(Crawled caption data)
*** Begin section ***
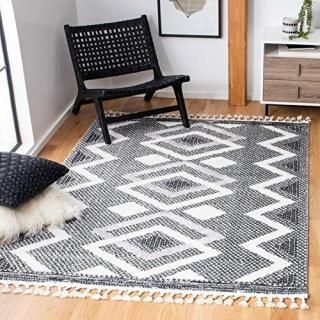 Safavieh Moroccan Tassel Shag Collection MTS452A Boho Area Rug 9' x 12' Ivory / 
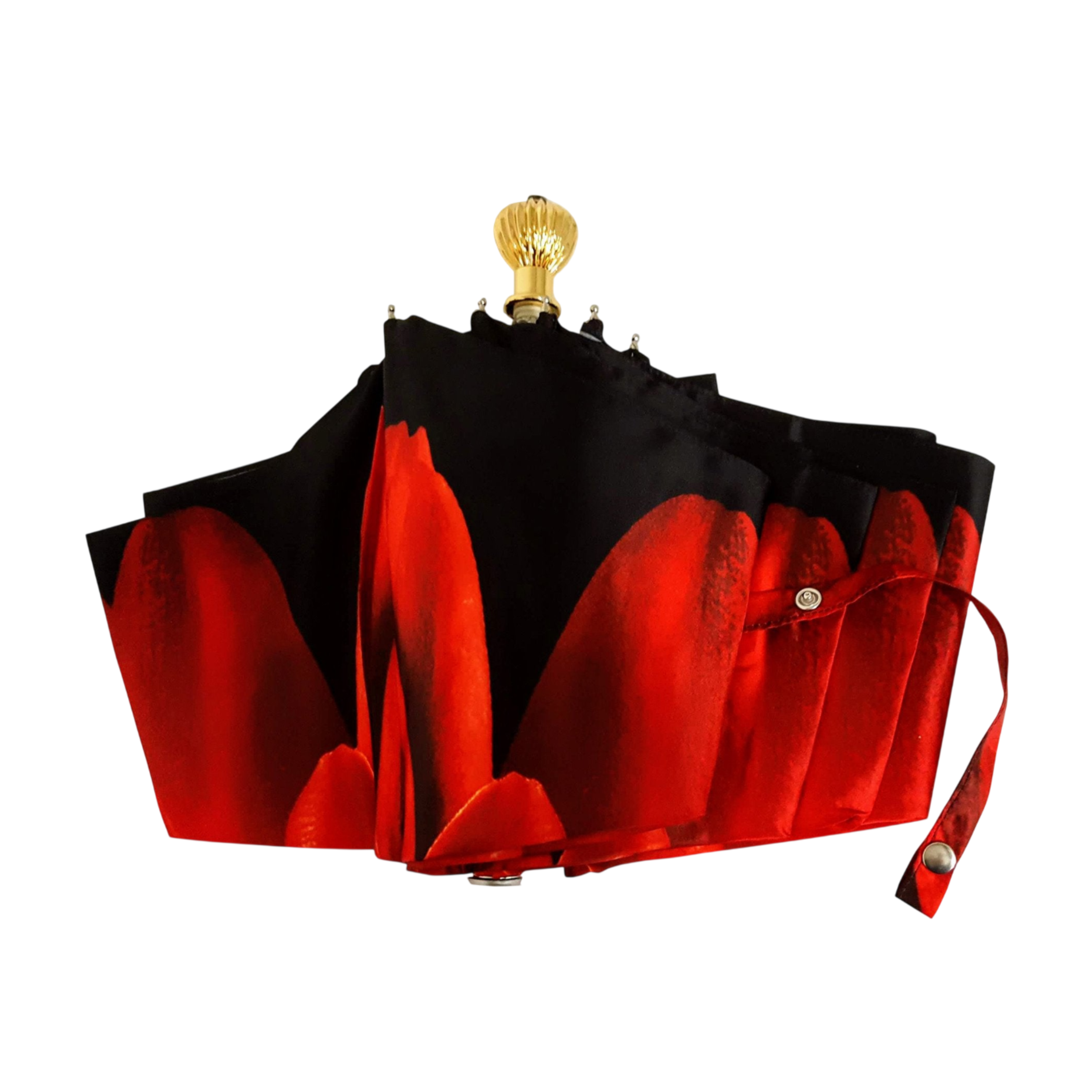Red Dahlia folding umbrella for women by Ilmarchesato with a 24K jeweled handle, featuring a stylish floral design.
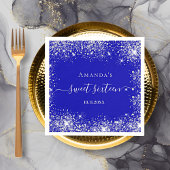 Sweet 16 Royal Blue Silber Glitzer Staub Monogramm Serviette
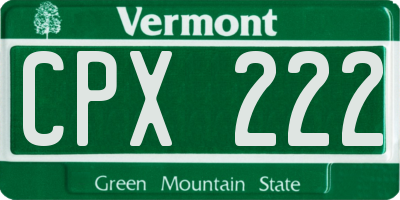 VT license plate CPX222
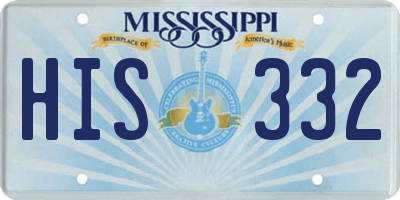 MS license plate HIS332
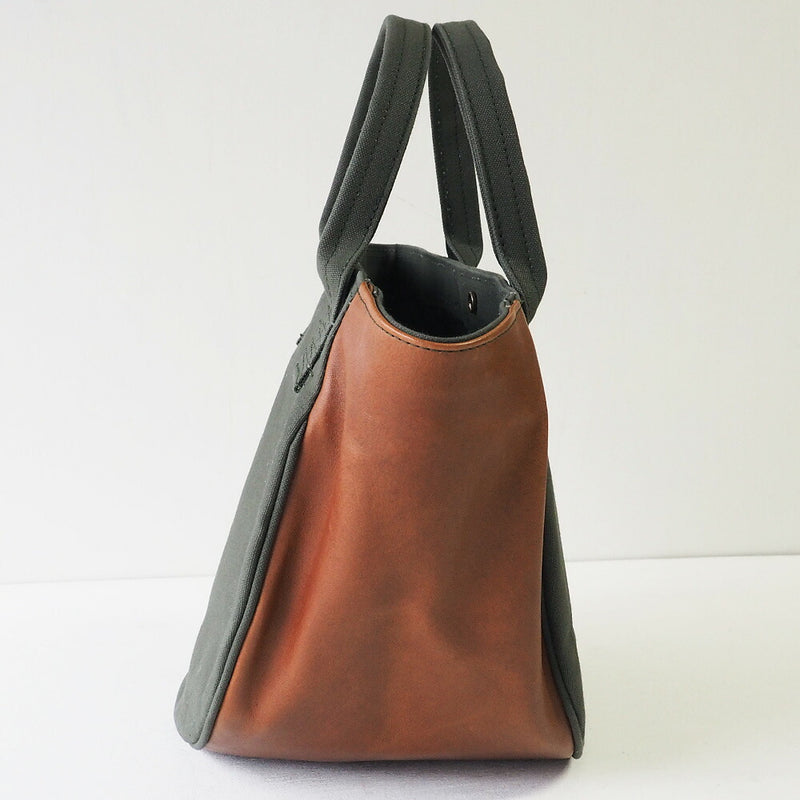 REAL STANDARD life(リアルスタンダードライフ) 倉敷帆布9号×姫路レザー トートバッグ “BC Luton HELMETBAG” Sサイズ グリーン[JT13004]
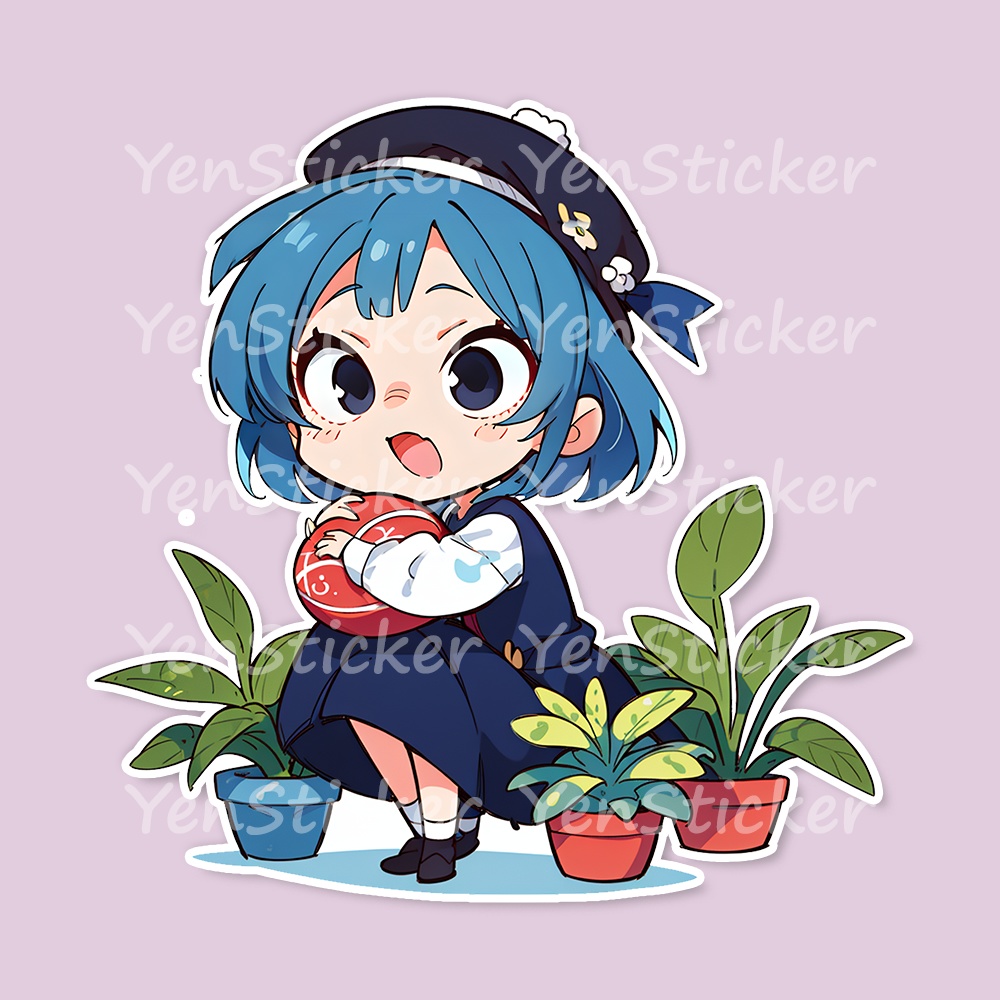 Cute digital design for sticker bundle (30P), Little girl loves nature - かわいいデジタルデザインステッカーバンドル(30P)、小さな女の子は自然が大好き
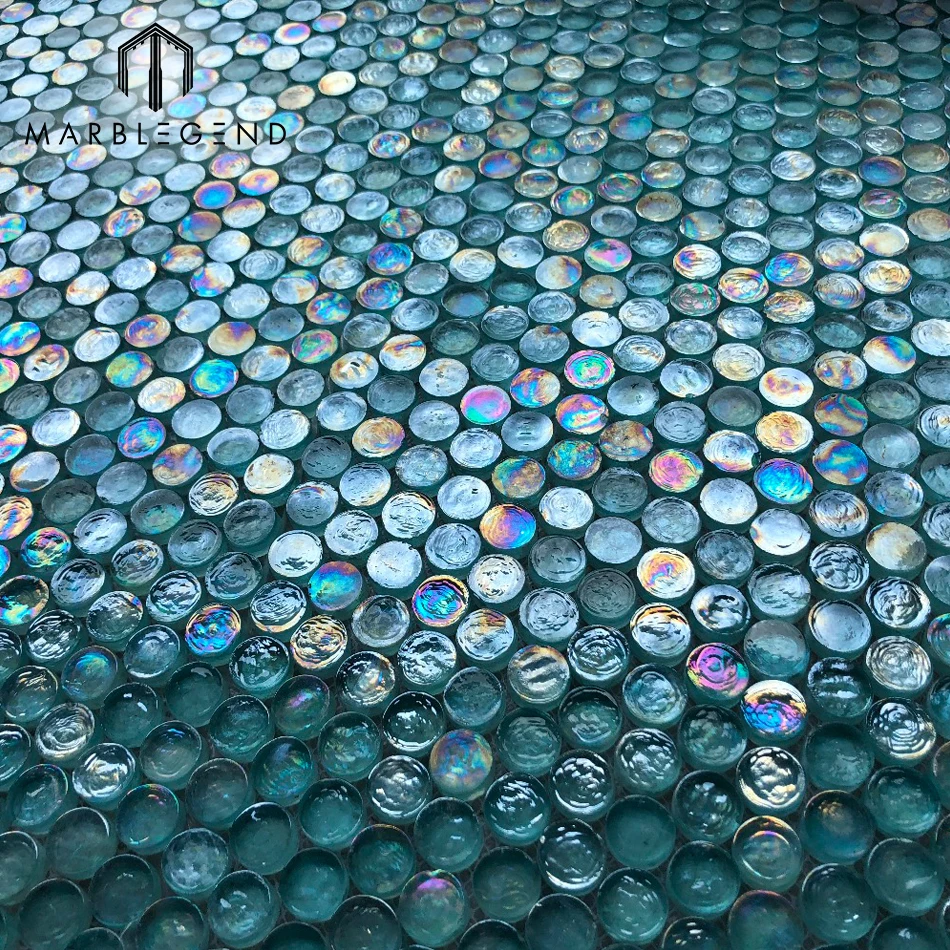 hot sale natural swimming pool 4mm thickness glass blue mosaic tile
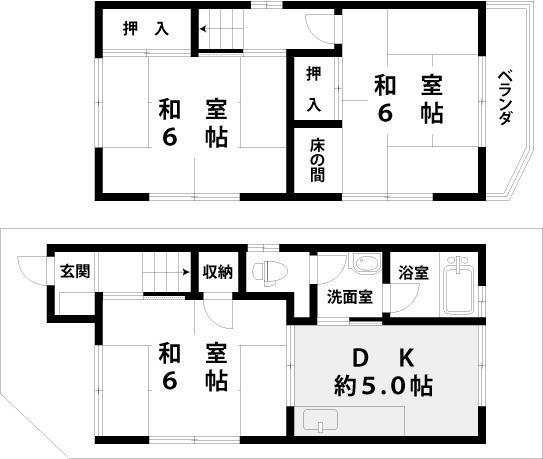 Floor plan. 6.9 million yen, 3DK, Land area 48.39 sq m , Building area 51.87 sq m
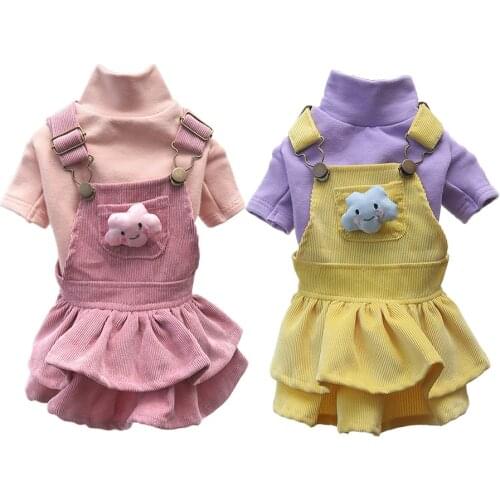 Winter Dog Dress Suspender Dresses For Small Dogs Cat Wedding Skirt Puppy Outfit Pet Clothes Chihuahua Yorkie Warm Clothing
*** End section ***
→ **REQUIRED WORK**: Please write out exactly the lines starting at the one that contains "hot sale natural" and ending with the final line of the entries, both ends included. Do not write out any pictures.

→ **RESULT**:
 hot sale natural swimming pool 4mm thickness glass blue mosaic tile
 Floor plan. 6.9 million yen, 3DK, Land area 48.39 sq m , Building area 51.87 sq m
 Winter Dog Dress Suspender Dresses For Small Dogs Cat Wedding Skirt Puppy Outfit Pet Clothes Chihuahua Yorkie Warm Clothing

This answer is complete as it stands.